There is a third opera by Vinci, apparently recently discovered and/or reconstructed. I just ordered it (also available on DVD).


----------



## Pugg

Florestan said:


> There is a third opera by Vinci, apparently recently discovered and/or reconstructed. I just ordered it (also available on DVD).

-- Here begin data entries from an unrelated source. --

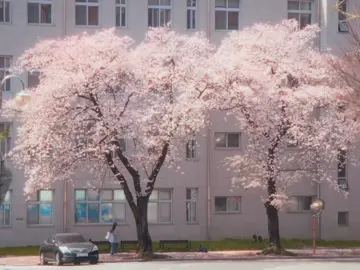 벚꽃 엔딩🌸 최근 많이 바빠서 벚꽃을 제대로 담지 못해 아쉬웠어요. 그래도 따뜻한 햇살이 너무 좋아 쉬는 시간에 산책을 하며, 항상 똑같은 거리가 오늘은 벚꽃 덕분에 유독 아름답게 느껴졌어요! 예전엔 무채색 같기만 했던 세상을 사진과 영상을 통해 바라보니, 현재는 사계절마다 다양한 채도의 매력을 느끼고 있답니다! 앞으로도 일상 속의 아름다움을 보여드릴게요! :) 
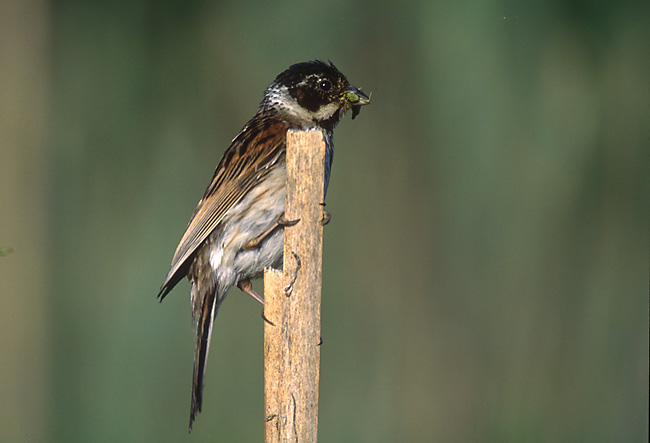 Emberiza schoeniclus 1 tom (Marek Szczepanek).jpg © Marek Szczepanek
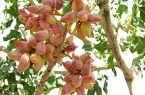 تولید بیش از ۱۴۰۰ تن محصول پسته در استان آذربایجان شرقی در سال جاری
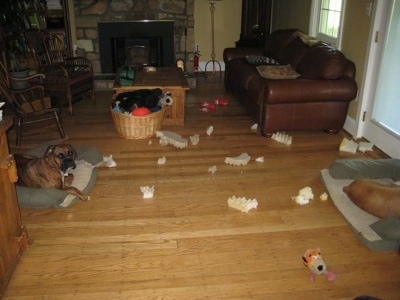 Bruno the Boxer laying across from Allie the Boxer with a chewed up dog bed everywhere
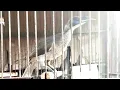 Download Lagu Masteran melatih burung koak kaok, Masteran koak kaok Lombok l| Koak Kikok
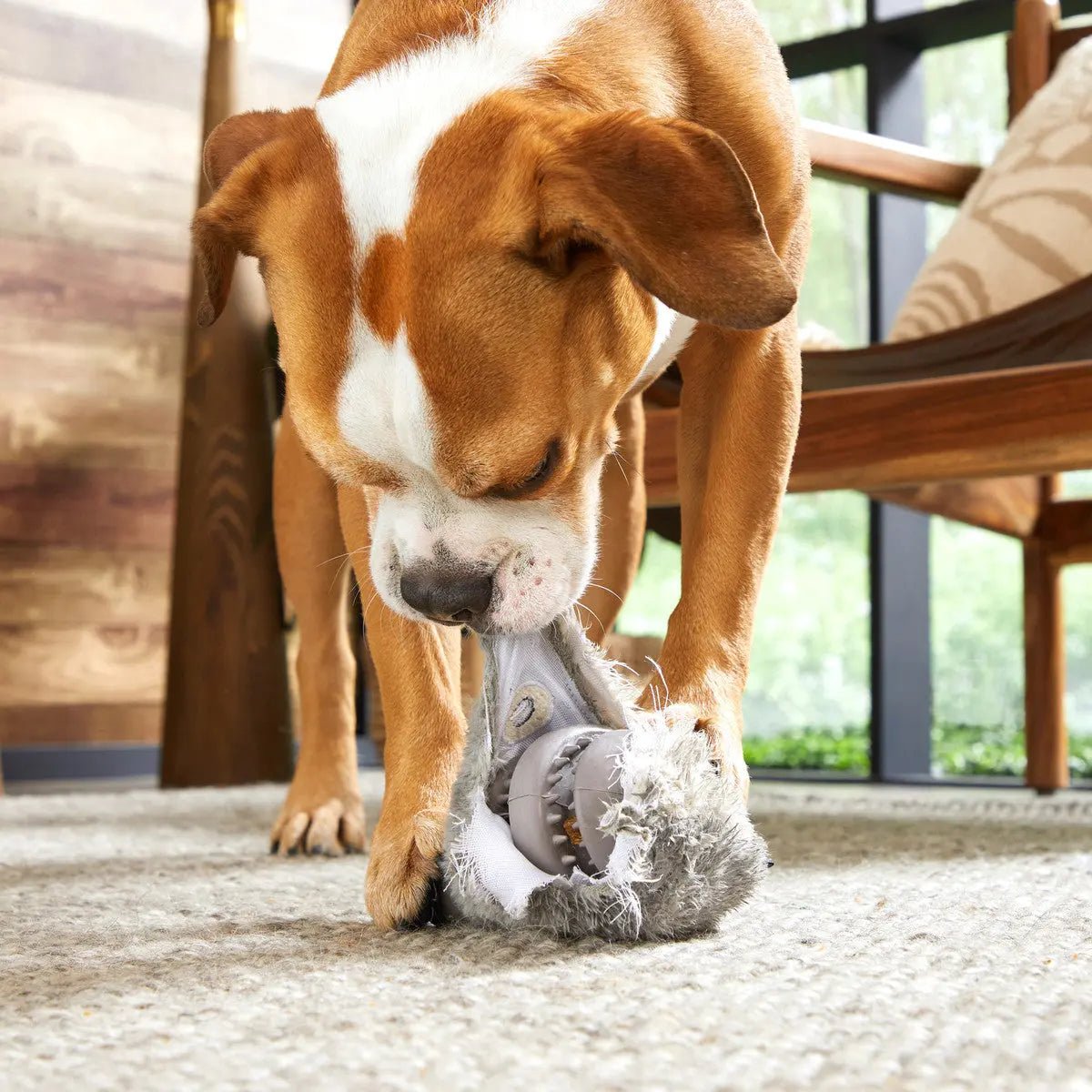 BARK Hare Raiser Rabbit Rubber Super Chewer Dog Toy Grey Medium/Large - Talis Us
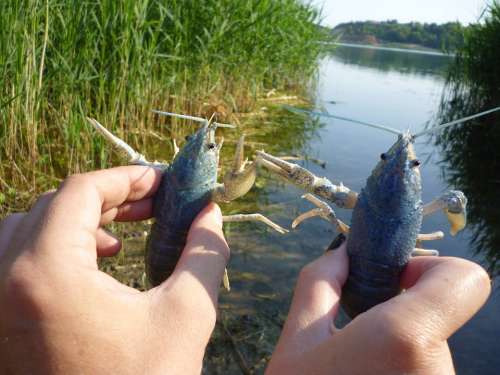 River Cancer Hands Nature Water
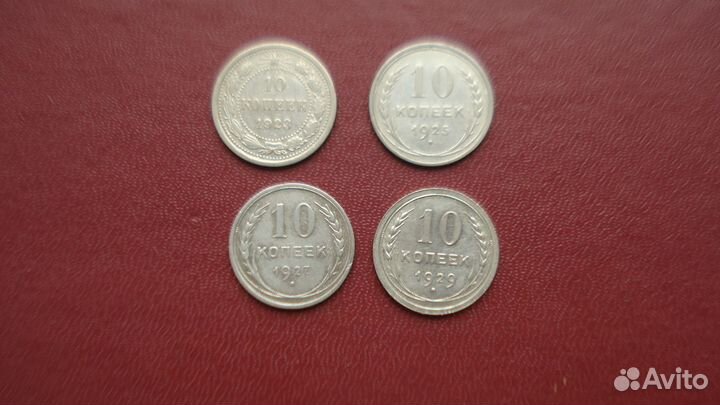 Суккуленты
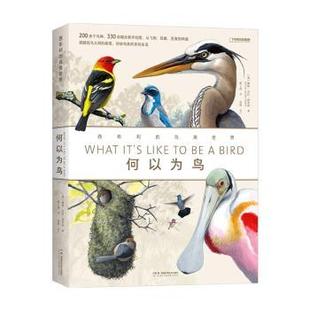 正版包邮 何以为鸟:西布利的鸟类世界 (美)戴维·艾伦·西布利(David Allen Sibley)著 9787571028121 湖南科学技术出版社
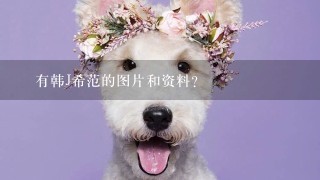 誰有韩J希范的图片和资料？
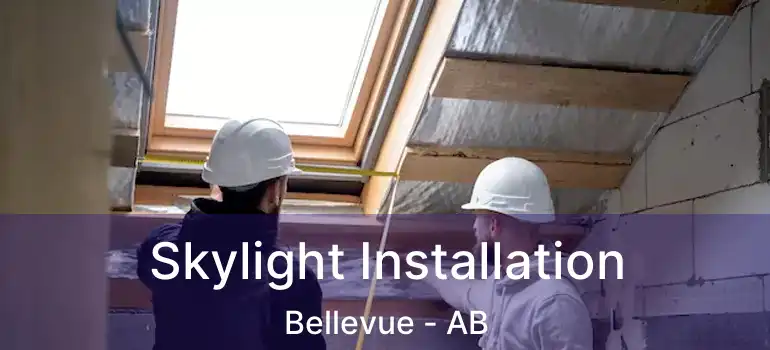  Skylight Installation Bellevue - AB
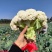 烈日松60松花菜种子耐热早熟高产耐高温花椰菜种籽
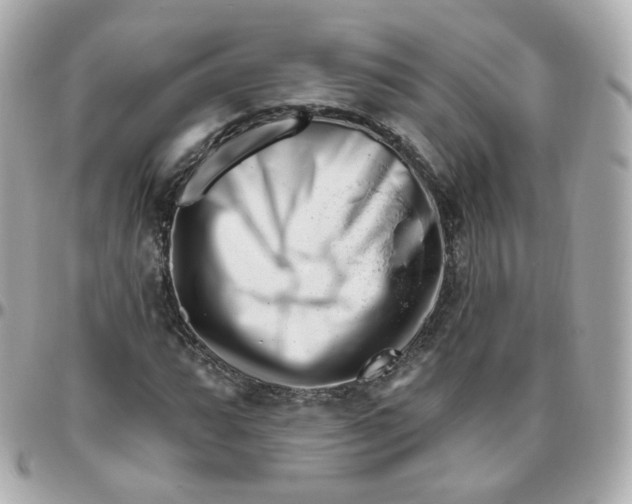 X0000095901064200802011123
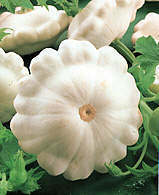 Patisson 'Custard White' / 'White Bush Scallop'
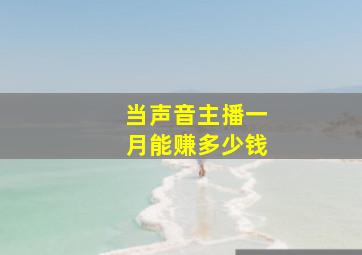 当声音主播一月能赚多少钱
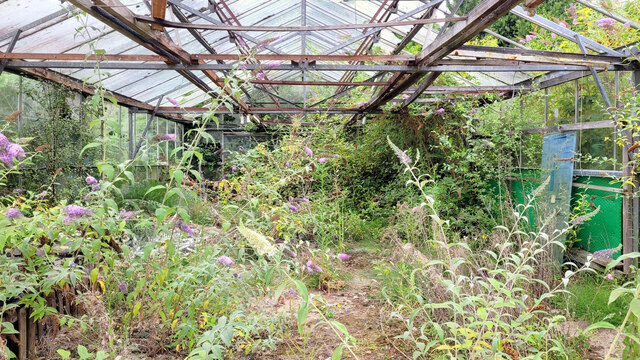 Derelict greenhouse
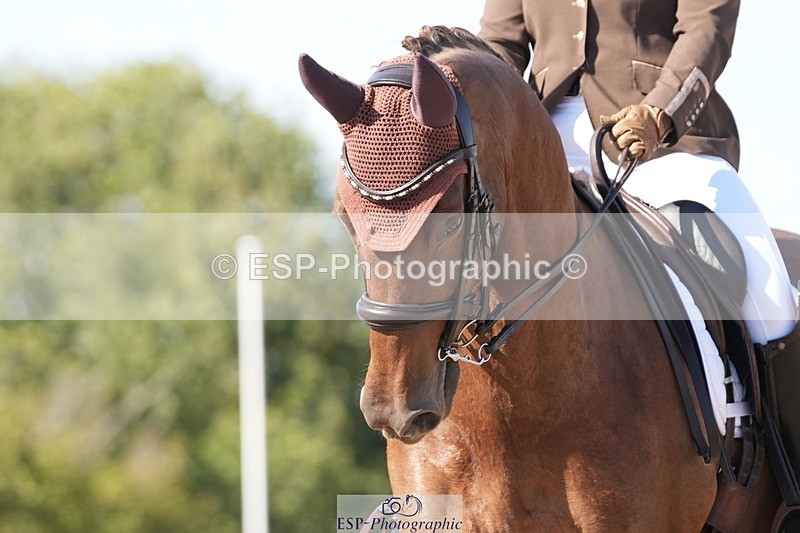 250906-153642-04825 - 109-Ruth.OfieldBurlesque.M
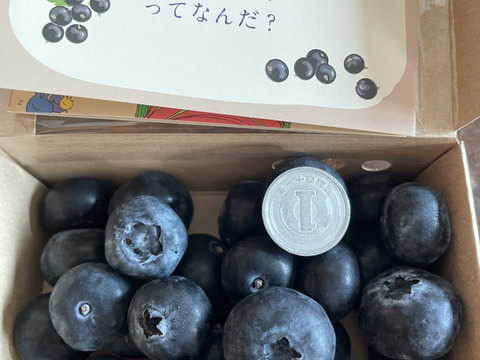 【期間限定販売！】極大粒！クリスピーベリー premium 100g×1pc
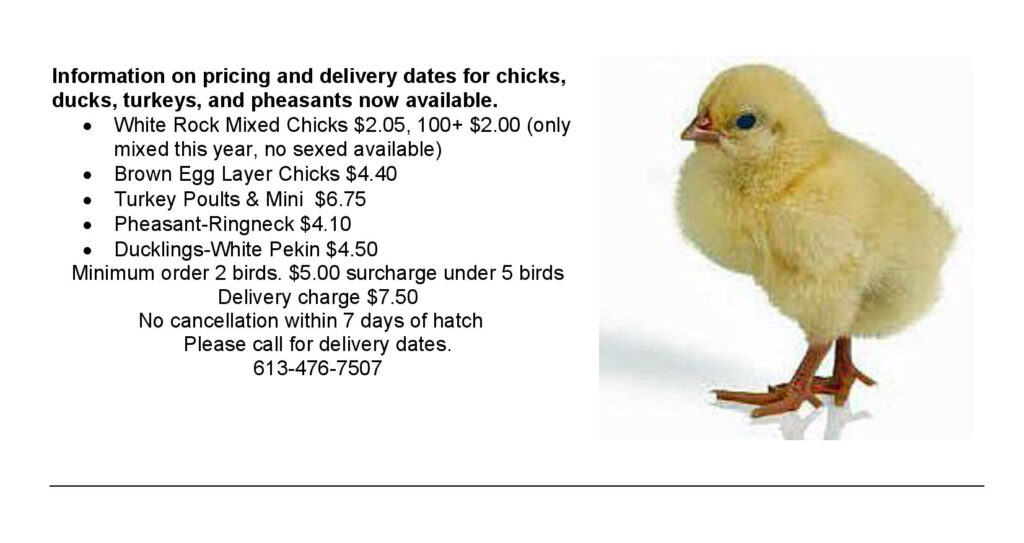 Picton Farm Supply Farming Nature Stuff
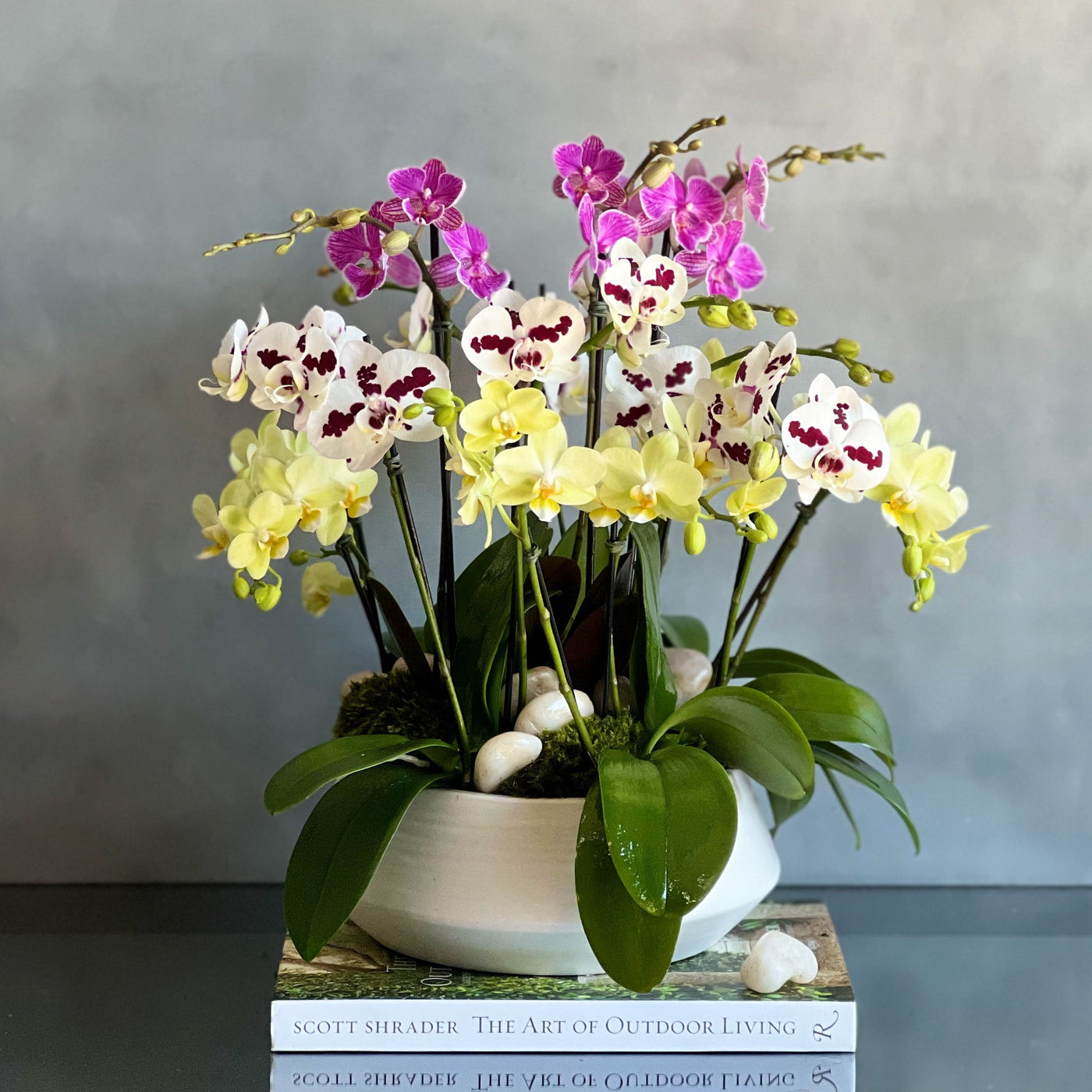 Multi Spike Colorful Orchid Plants - santamonicaflorist
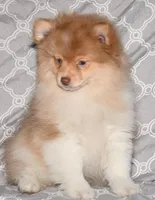 Croissant, a male Pomeranian for sale in Potsdam, NY – Photo 2 of 10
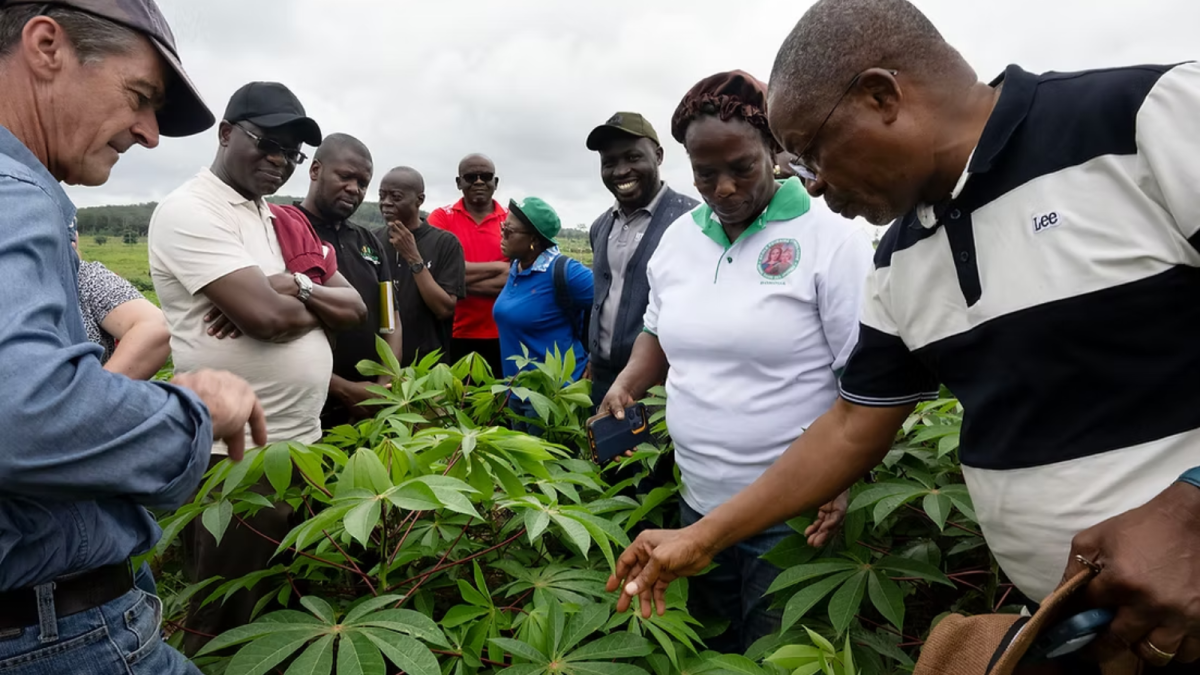 Participants of the Africa Crop Forum 2026 visiting a cassava field outside of Abidjan, Cote d’Ivoire. Credit: Alastair Fyfe.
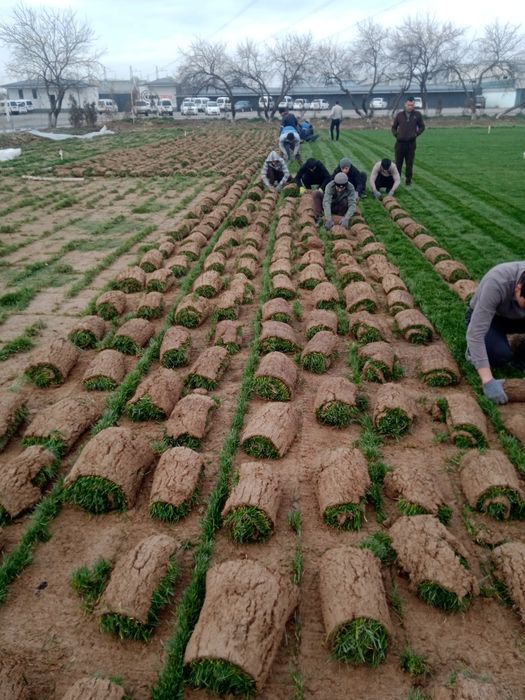 Gazon landshaft dizayn xizmati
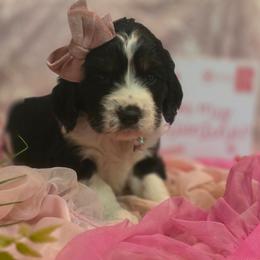 Sparkle - Black white and tan female English Springer Spaniel puppy in Cookeville, Tennessee from Krossroads Kennel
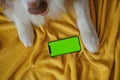 Dog with white paws on yellow blanket on bed next to phone with green chroma key screen. Copy space for advertising pet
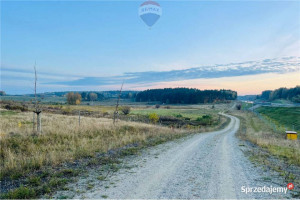 Wyjątkowa działka w Dorotowie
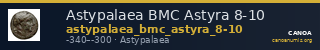 Astypalaea BMC Astyra 8-10 — CANOA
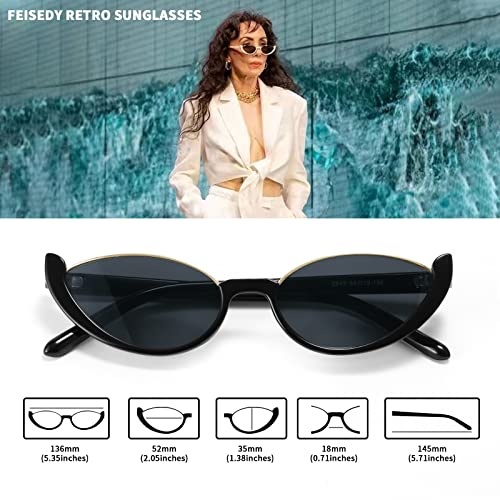 FEISEDY Fashion Small Cat Eye Sunglasses for Women Retro Trendy Cool Sun Glasses B28644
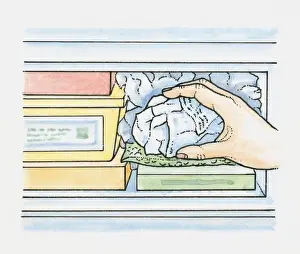 Filling Prints: Crumpled newspaper in plastic bags being placed into empty spaces in a freezer to maintain efficient freezing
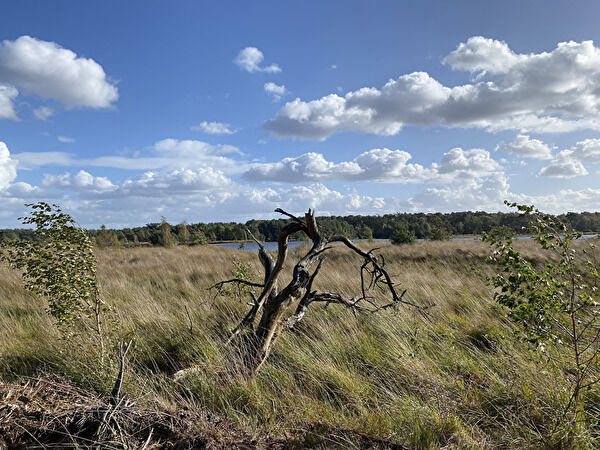 bNwkTqksyDItqv81759696103_1759696142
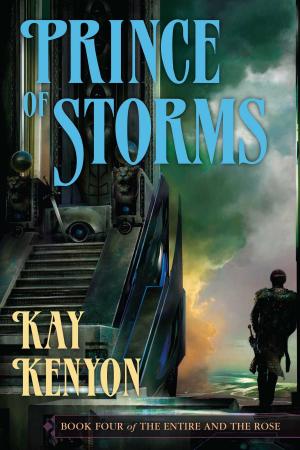 Cover of the book Prince of Storms by K. Johansen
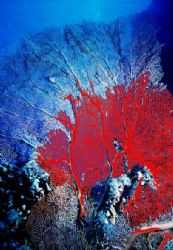 gorgonia by Sergio Loppel 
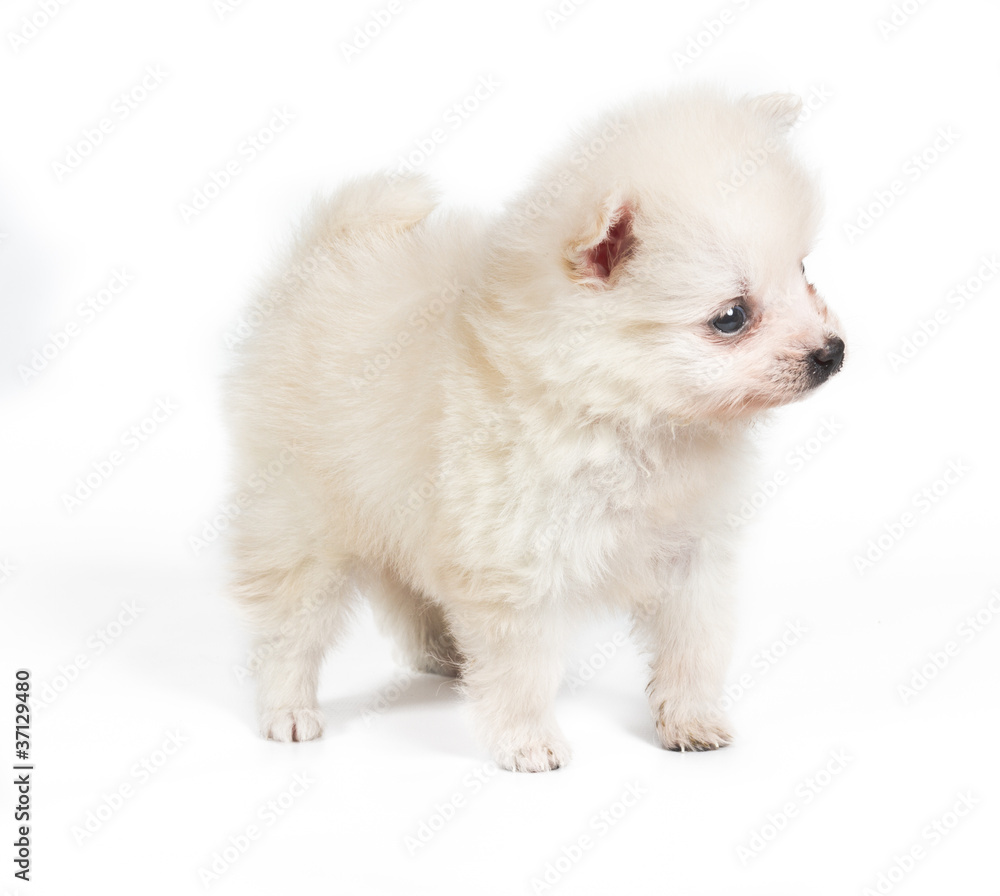 custom made wallpaper toronto digitalPomeranian dog isolated on a white background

You are getting very adventures. .....


----------



## Ingélou

There's a link here which features Vinci's opera The Lovers in the Gallery.
https://sundaybaroque.org/beautiful-music-in-difficult-times-october-20/

The series is entitled 'Beautiful Music in Difficult Times' and, guess what, was posted in 2020. :tiphat:


----------



## Ingélou

Edit: It's 'The Lovers in the Galley' - *Li zite 'ngalera*. Sorry. 
https://en.wikipedia.org/wiki/Li_zite_'ngalera
Plot synopsis:
The young man Carlo abandons his old love Belluccia in favour of a new one, Ciomma. Disguised as a man, Belluccia pursues Carlo. She manages to make several local ladies, including Ciomma herself, fall in love with her. When Belluccia's father, the galley captain Federico, arrives, he threatens Carlo with death, but Belluccia takes pity on him and the couple are reconciled and married. At the end of the opera we see the newlyweds sail back to their old hometown on Federico's galley (hence the title).


----------



## hammeredklavier

Interesting. Is he related to the famous Leonardo da Vinci by any chance?


----------



## Ingélou

hammeredklavier said:


> Interesting. Is he related to the famous Leonardo da Vinci by any chance?


 Nice point!

Google doesn't say, but the inference is not. Leonardo da Vinci had no direct descendants and anyway 'da Vinci' means came from (the village of) Vinci rather than being a surname.


----------